■ **Scraped caption text data**:

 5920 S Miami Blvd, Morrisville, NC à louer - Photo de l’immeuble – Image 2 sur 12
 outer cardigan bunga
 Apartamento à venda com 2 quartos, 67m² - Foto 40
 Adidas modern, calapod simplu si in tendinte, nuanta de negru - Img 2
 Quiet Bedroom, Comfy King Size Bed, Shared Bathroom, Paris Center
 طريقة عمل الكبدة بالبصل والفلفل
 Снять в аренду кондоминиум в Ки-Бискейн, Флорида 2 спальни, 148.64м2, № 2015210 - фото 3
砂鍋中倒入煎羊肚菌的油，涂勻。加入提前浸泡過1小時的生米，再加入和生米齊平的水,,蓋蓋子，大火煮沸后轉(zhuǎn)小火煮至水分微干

■ **YOUR OBJECTIVE**: Would you write out all of the data again, unchanged?

■ **THE ANSWER**:
 5920 S Miami Blvd, Morrisville, NC à louer - Photo de l’immeuble – Image 2 sur 12
 outer cardigan bunga
 Apartamento à venda com 2 quartos, 67m² - Foto 40
 Adidas modern, calapod simplu si in tendinte, nuanta de negru - Img 2
 Quiet Bedroom, Comfy King Size Bed, Shared Bathroom, Paris Center
 طريقة عمل الكبدة بالبصل والفلفل
 Снять в аренду кондоминиум в Ки-Бискейн, Флорида 2 спальни, 148.64м2, № 2015210 - фото 3
砂鍋中倒入煎羊肚菌的油，涂勻。加入提前浸泡過1小時的生米，再加入和生米齊平的水,,蓋蓋子，大火煮沸后轉(zhuǎn)小火煮至水分微干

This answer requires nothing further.